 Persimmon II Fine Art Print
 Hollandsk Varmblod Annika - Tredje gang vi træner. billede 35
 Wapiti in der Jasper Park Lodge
== == ==
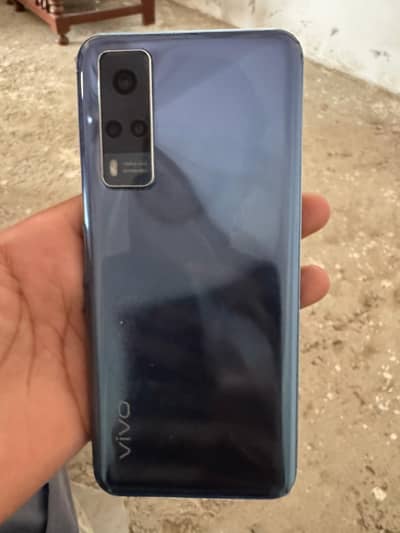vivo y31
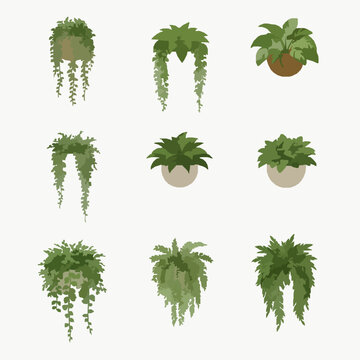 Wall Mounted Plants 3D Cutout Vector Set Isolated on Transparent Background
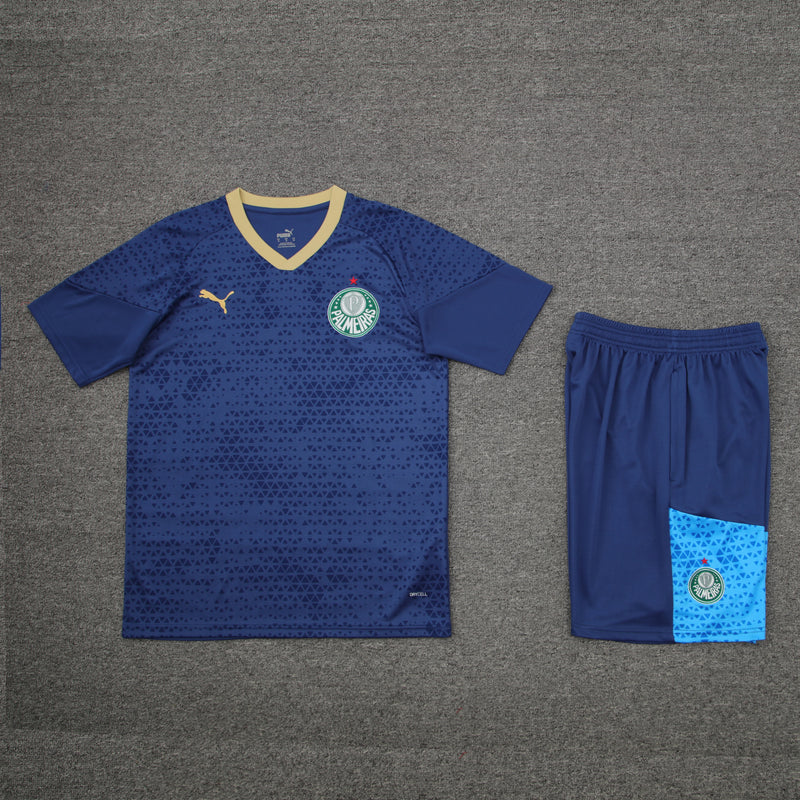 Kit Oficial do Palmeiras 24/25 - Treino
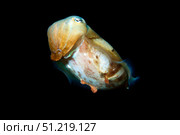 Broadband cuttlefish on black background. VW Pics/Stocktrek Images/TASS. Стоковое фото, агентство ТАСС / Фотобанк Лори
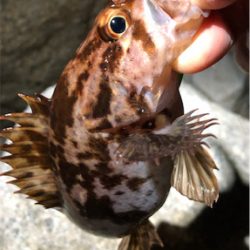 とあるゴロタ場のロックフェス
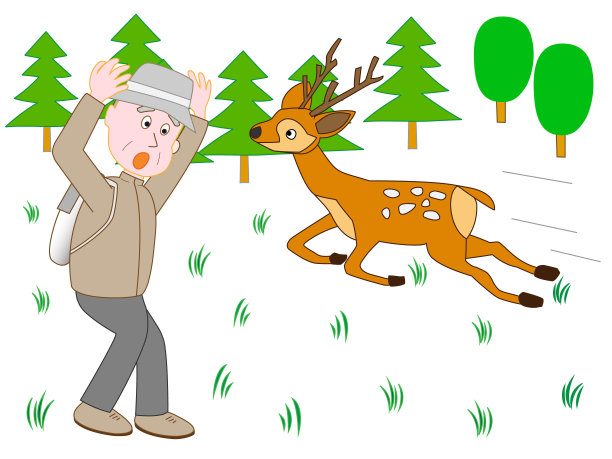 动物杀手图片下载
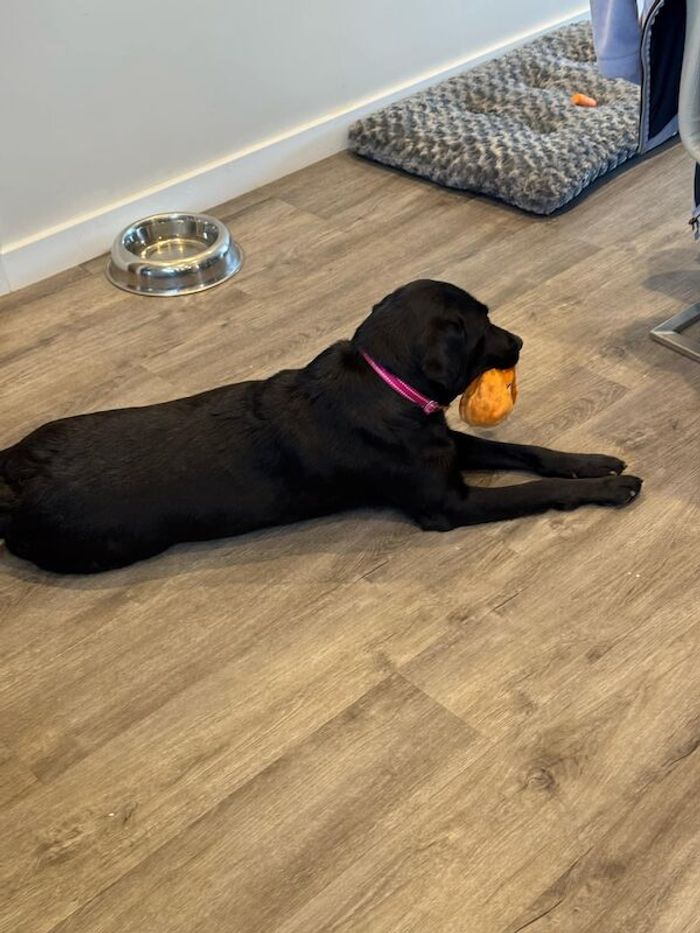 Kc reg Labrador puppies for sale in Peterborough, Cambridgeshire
== == ==
What this task involves - Using the entries above, repeat exactly the lines from the one with "Wall Mounted Plants" to the one with "Kc reg Labrador", both included, and leave the pictures behind.

Answer space -
 Wall Mounted Plants 3D Cutout Vector Set Isolated on Transparent Background
 Kit Oficial do Palmeiras 24/25 - Treino
 Broadband cuttlefish on black background. VW Pics/Stocktrek Images/TASS. Стоковое фото, агентство ТАСС / Фотобанк Лори
 とあるゴロタ場のロックフェス
 动物杀手图片下载
 Kc reg Labrador puppies for sale in Peterborough, Cambridgeshire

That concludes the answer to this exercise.